Da un punto di vista generale, sotto il primo profilo, non può che condividersi la decisione della Suprema Corte e le motivazioni giuridiche poste a sostegno.

Non vi sono, infatti, ragioni giuridiche valide per sostenere che la remissione della querela processuale sia solo quella proposta dal querelante in udienza davanti al giudice.

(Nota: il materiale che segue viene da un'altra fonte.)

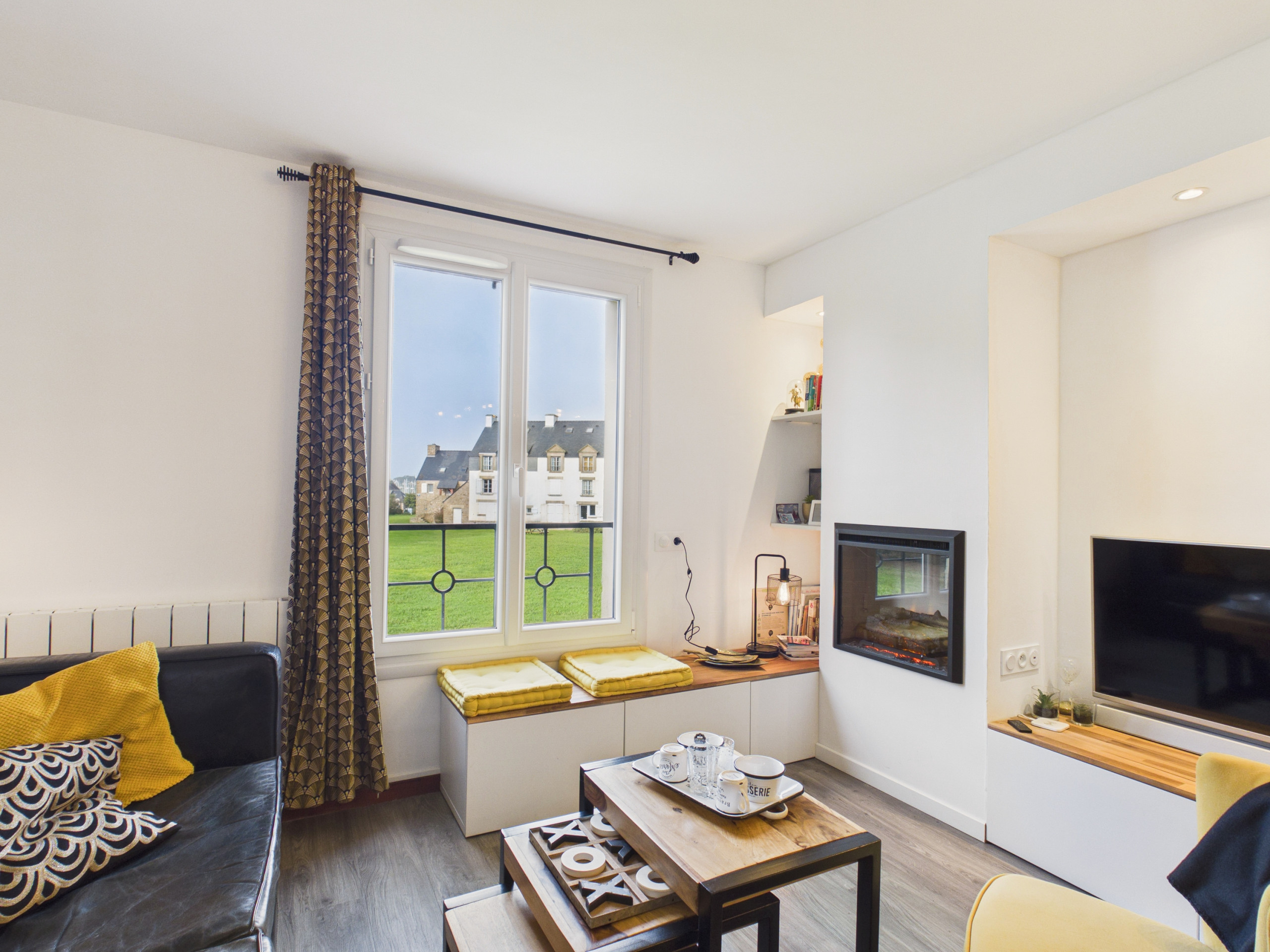  in Arzon - Gemeinschaftspool, Strand 300 m entfernt, für 2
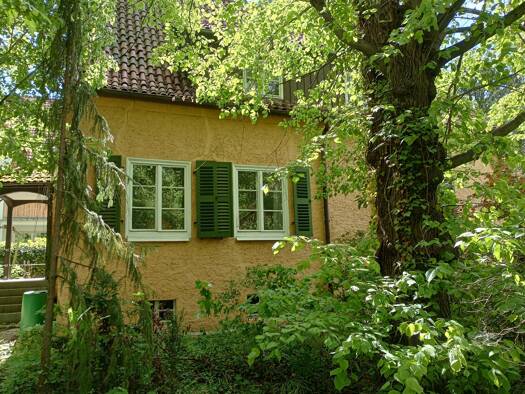 Einfamilienhaus zum Kauf 4,5 Zimmer 124 m² 1.082 m² Grundstück Parkvorstadt Weimar 99425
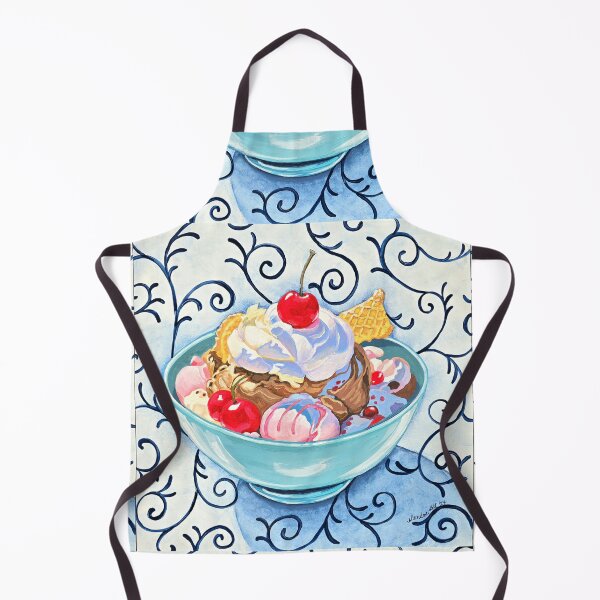 Item preview, Ice Cream Sundae designed and sold by Sandra Lett.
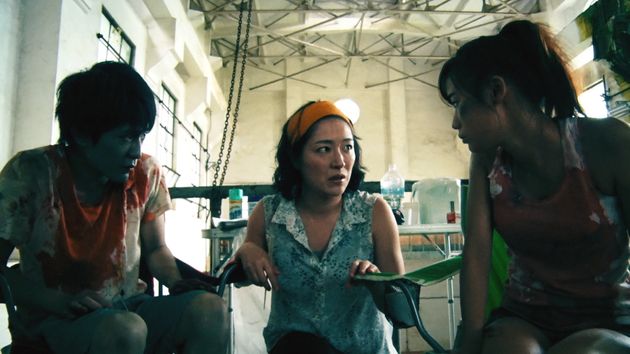 영화 '카메라를 멈추면 안돼'의 감독이 말하는 실패의 기억들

Deve condividersi in toto la lettura data dalla Cassazione, secondo cui per remissione processuale deve intendersi la revoca della querela che intervenga nel corso del procedimento penale avanti ad uno dei soggetti individuati nell'art. 340 c.p., ovvero l'autorità giudiziaria procedente o un ufficiale di polizia giudiziaria (che, non a caso, è gravato da un obbligo di immediata comunicazione/trasmissione dei relativi atti alla predetta autorità giudiziaria).

In sostanza, deve sostenersi che la remissione processuale è tale non perché raccolta dal giudice in udienza bensì perché avanzata dalla persona offesa con le forme previste dal codice di procedura penale, nel corso del procedimento, avanti ad un'autorità giudiziaria o, in alternativa, ad un'autorità di polizia che sia tenuta per legge ad informare la magistratura della ritrattazione dell'istanza di punizione del colpevole.

Avverso tale conclusione non paiono potersi trarre argomenti dalla lettura della sentenza delle Sezioni unite citata dal Procuratore ricorrente (Cass.pen., Sez. un., 30 ottobre 2008, n. 46088): al di là della frase estrapolata, dalle motivazioni della citata pronuncia – resa peraltro in ordine ad un diverso aspetto, riguardante la remissione extraprocessuale - non si colgono valide ragioni giuridiche favorevoli alla lettura restrittiva sostenuta nel ricorso.

Anche con riferimento specifico al reato di stalking, ed in particolare alla novella dell'art. 612-bis, comma 4, c.p., (operata con d.l. n. 93/2013, conv. in l. 119/2013) per cui “la remissione della querela può essere soltanto processuale” – sebbene appaia intrigante il ragionamento sostenuto dal ricorrente, secondo cui il succedersi di riforme indicherebbe una volontà legislativa tesa a garantire un controllo giudiziale diretto sulla ritrattazione dell'istanza di punizione – deve condividersi in pieno l'approdo della Cassazione laddove sostiene: “la progressione normativa potrebbe avallare l'interpretazione del P.G. ricorrente, circa l'intenzione del legislatore di affidare al giudice il compito di svolgere una verifica effettiva sulla spontaneità della eventuale remissione della querela; pur tuttavia, non va dimenticato come, per il chiaro combinato disposto dell'art. 152 c.p. e art. 340 c.p.p., è certamente remissione processuale della querela anche quella resa davanti ad un ufficiale di polizia giudiziaria. Se lo strumento cui la novella si è affidata per prevenire eventuali illeciti condizionamenti sia o meno funzionale allo scopo, non è questione che possa essere dibattuta in questa sede, deputata unicamente all'applicazione della legge”.